For Dental Health Week (1-7 August), one of the key findings from the Australian Dental Association’s (ADA) annual Consumer Survey of 25,000 Aussies, is that one in three people postponed dental treatment in the last 12 months due to COVID-related concerns.

Of those that postponed, this included 23% of 18-24s rising to 41% of 65-74s, with more women than men putting it off across all age ranges.

Why the delay? The main reason for delaying, as cited by respondents, is that they felt that their dental problem was not urgent (26%), while 17% were concerned about catching COVID at the dental clinic or travelling to it, 16% reported not being in a financial position for dental care and 14% did not attend due to lockdowns or were unable to travel to the dental clinic.

Of those who delayed their dental consultations, 21% felt this adversely affected them, while 17% were unsure whether it did.

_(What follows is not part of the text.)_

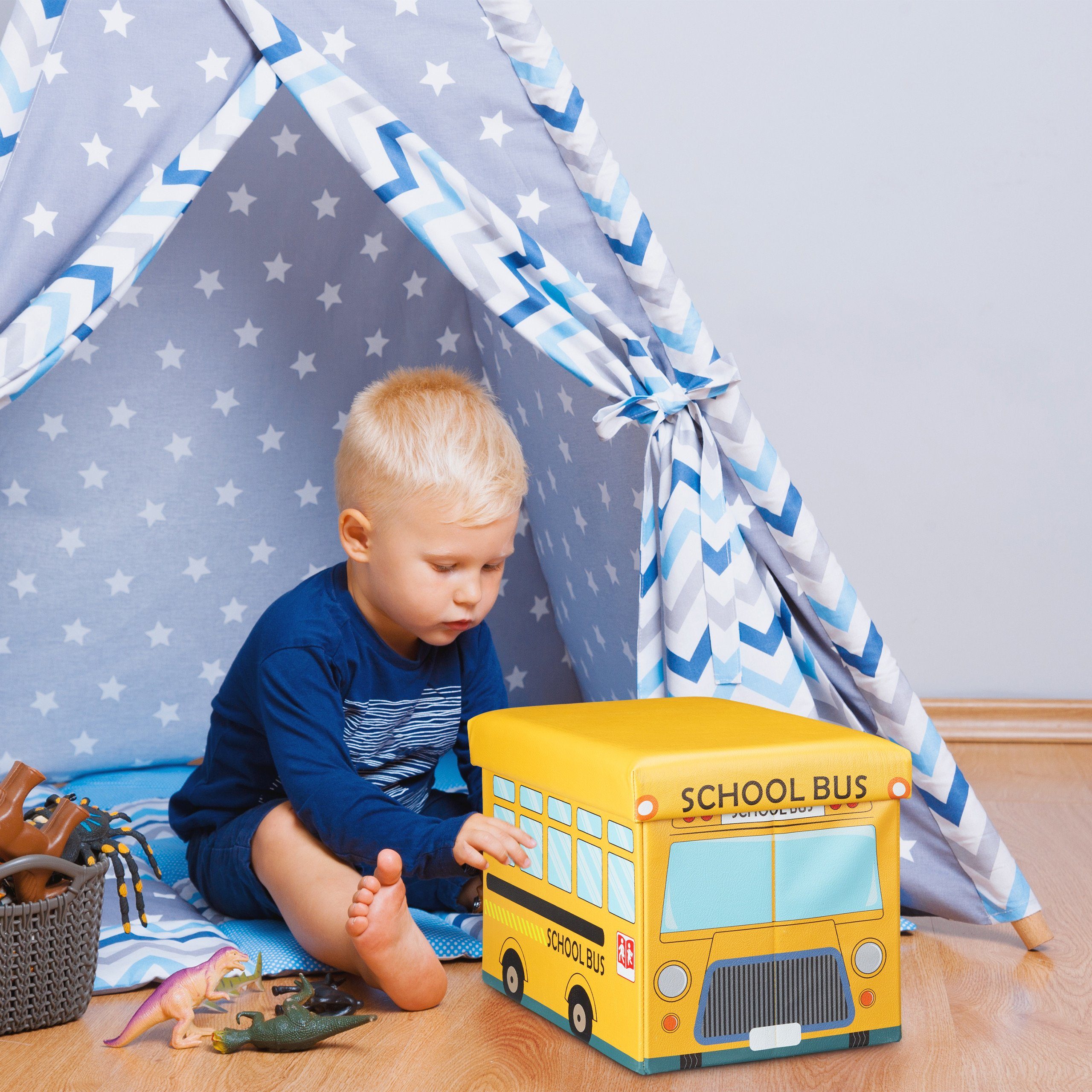 relaxdays Spielzeugtruhe Faltbare Spielzeugkiste mit Stauraum, School Bus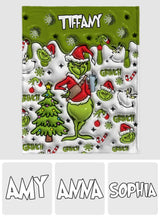 Custom Name Grinch Snow Flake Fleece Blanket, Green Christmas Tree Inflated Blanket, Personalized Funny Throw Blanket for Xmas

Residents of Victoria, NSW and the ACT who experienced greater periods of lockdown, more commonly reported that their oral health was adversely affected.

“These statistics tell us a lot about where oral health is sitting for people during the Covid pandemic,” said Dr Mikaela Chinotti, the ADA’s Oral Health Promoter and Sydney dentist.

“With people losing their jobs or working reduced hours, dental care took on a lesser priority or was inaccessible during lockdowns for some families.

“That said though, with two thirds of people still getting treatments or attending for check-ups particularly in states less impacted by lockdowns, this is good news for the nation’s oral health because oral conditions left untreated can result in serious consequences including on the rest of the body.”

Delaying tactics: Of those who put off a visit, 42% were putting off a usual dental check-up, 26% were putting off checking a new problem, and 24% were delaying treating an existing problem.

A further 8% put off their appointment for ‘Another Reason’. Reasons for doing so (in order from most reported) included a referral from another health professional for a related medical condition such as teeth grinding, care for a minor injury, cosmetic concerns such as teeth whitening, adjustment or fitting of a dental device like braces and buying dental products like a mouthguard or whitening products.

The next dental visit: Fortunately many Aussies don’t plan to delay for too long: 54% planned to go in the next 1-3 months, 22% were going to book within 3-12 months and others were either waiting for the pandemic to ease, or to reach full vaccination status or were still unsure.

“Anecdotally we’ve heard from many ADA dentist members that with the stress of the pandemic there’s been an increase in cracked teeth, tooth sensitivity and/or pain associated with clenching or grinding of the teeth and an increase in discomfort from the jaw joint,” said Dr Chinotti.

“For those Aussies who delayed dental care due to the COVID pandemic, Dental Health Week is a great reminder that it’s time to show you teeth some love by taking them on a date to the dentist.

“When not at the dentist, Aussies can also find up-to-date and evidence-based oral health advice online in the form of short educational videos, articles and a multi-episode podcast on the ADA’s consumer-focused website: www.teeth.org.au.”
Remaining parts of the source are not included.